The following are some intersections of mathematics, computer science, philosophy and multimedia.
1. Descartes and Analytical Geometry
2. Frege and Russell – the intersection of logic and philosophy of mathematics
3. Turing’s solution of the Halting Problem
4. von Neuman and Game Theory
5. Euler, Graph Theory and the Semantic Web
6. Set theory, Kleene and Regular Expressions
1. Descartes and Analytical Geometry. The appendix to the _Discourse on Method_ on “Analytical Geometry” is important in that it brought algebra and geometry together. Equations could generate shapes and shapes could be converted into equations for solution.

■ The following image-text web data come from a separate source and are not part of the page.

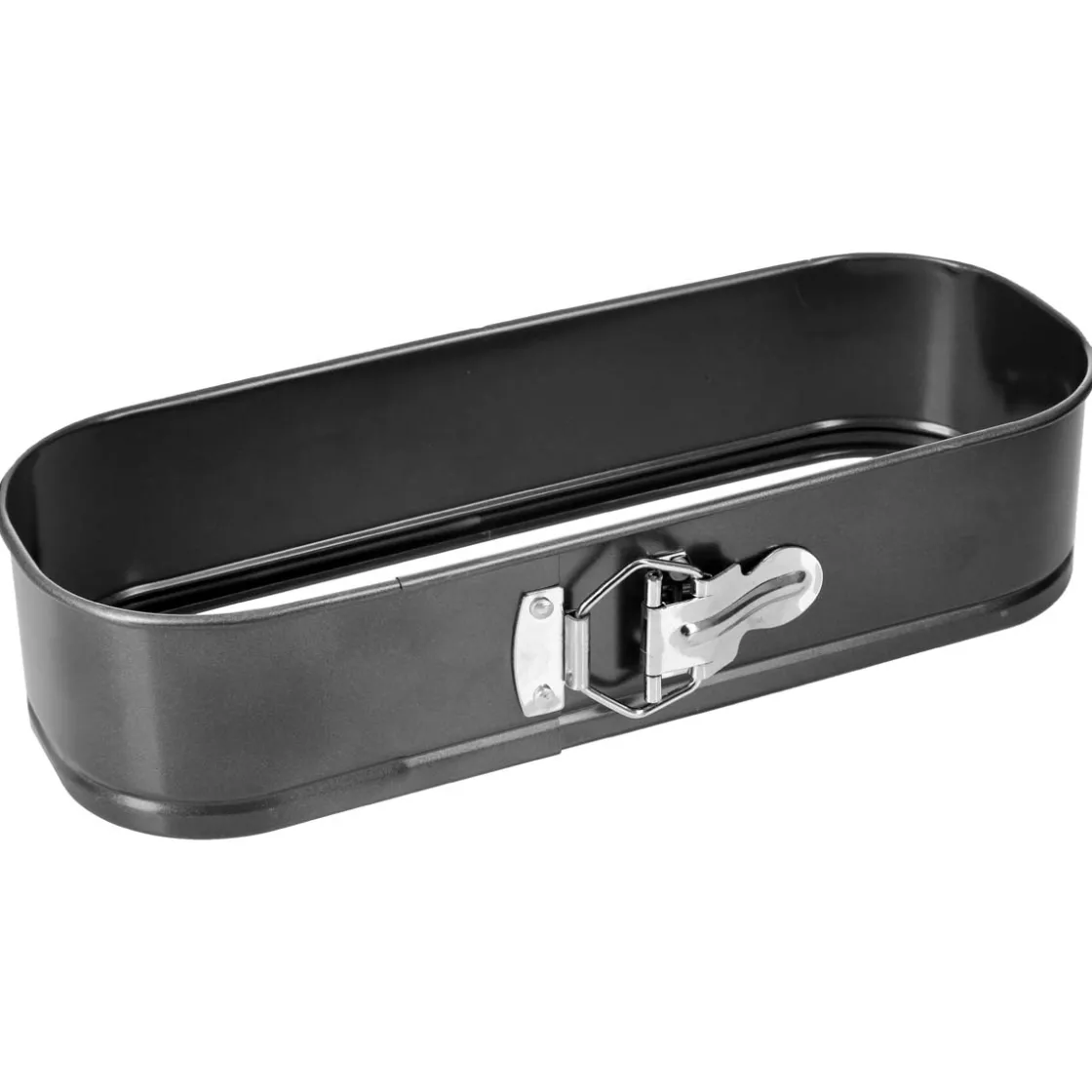 5five Moule cake démontable métal, 31cm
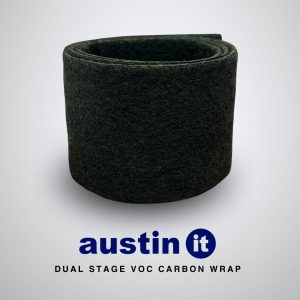 Austin Air "it" Replacement Filter Kit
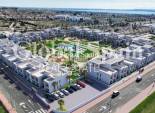 New Build - APARTMENT -
CIUDAD QUESADA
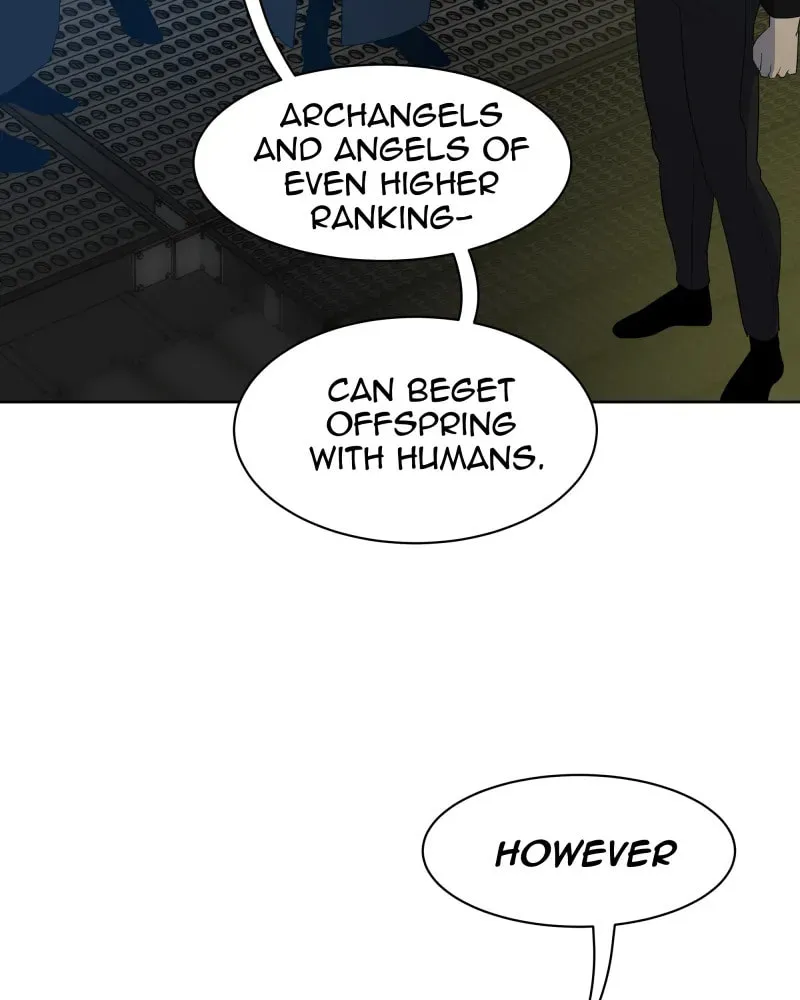 Covenant (Colored) Chapter 30 page 28 - 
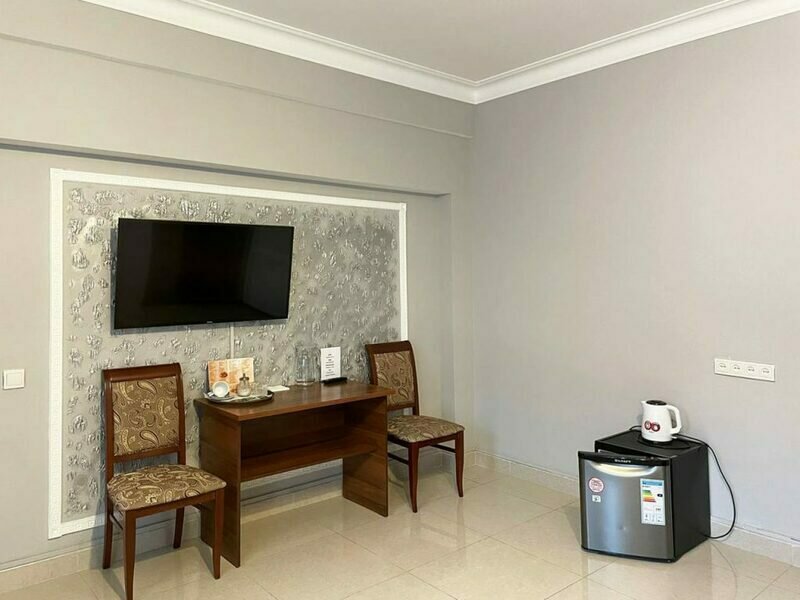 Стандартный 2-местный 1-комнатный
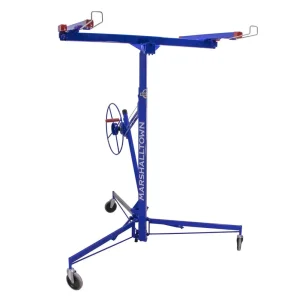 Marshalltown Drywall Lifts | 11 ft - view 2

This is the foundation of computer graphics – the Cartesian space is the bit map screen.
2. Frege and Russell – the intersection of logic and philosophy of mathematics. Russell’s letter to Frege and the problems it created for the logical foundations of mathematics.
3. Turing’s solution of the Halting Problem. This is where the idea of a simple universal machine (the Turing Machine) is proposed as an idea for dealing with Hilbert’s halting problem.

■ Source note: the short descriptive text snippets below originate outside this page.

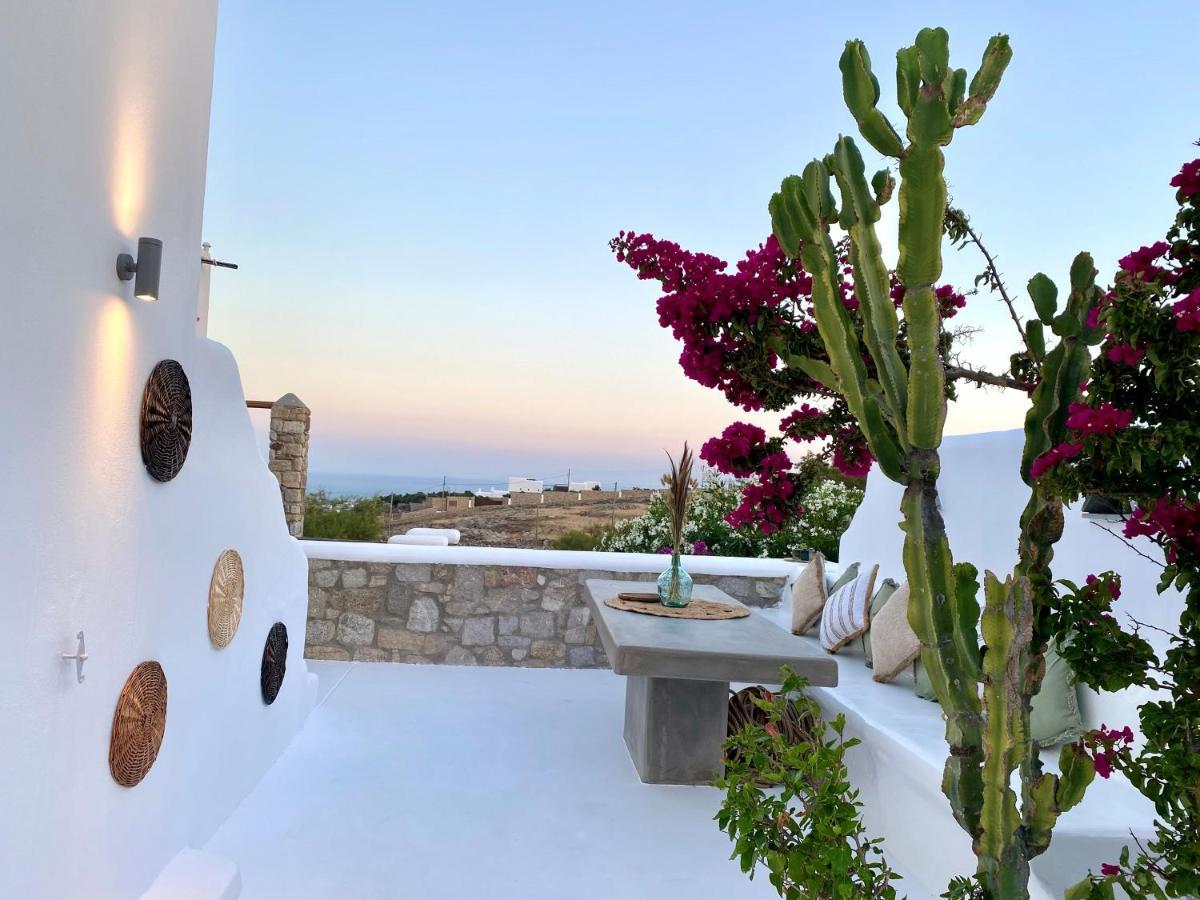 Villa Aderfia With Private Hot Tub *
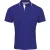 Premier Herencontrast Coolchecker Polo Shirt (Koninklijk/Wit)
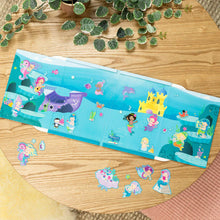 Load image into Gallery viewer, Magna Carry ''Mermaid Cove''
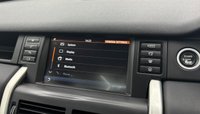 USED 2017 67 LAND ROVER DISCOVERY SPORT 2.0 TD4 HSE SUV 5dr Diesel Manual 4WD Euro 6 (s/s) (180 ps) 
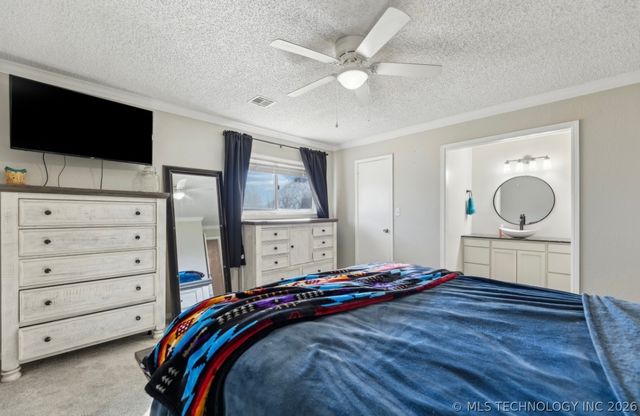 2602 S 27th Street, Muskogee, OK 74401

4. von Neuman and Game Theory. Game theory shows up in the social and economic sciences. Does it have applications to studying computer games and interactivity?
5. Euler, Graph Theory and the Semantic Web. The Semantic Web connects graph theory and ontology. There could be a connection between philosophy (ontology – especially Aristotle) and ways of representing/processing graphs.
6. Set theory, Kleene and Regular Expressions. Regular expressions show up as a mini-language in many programming languages (especially in text processing and web scripting languages.) How did set theory evolve? What did Kleene contribute? How are regular expressions connected to regular languages and set transformations?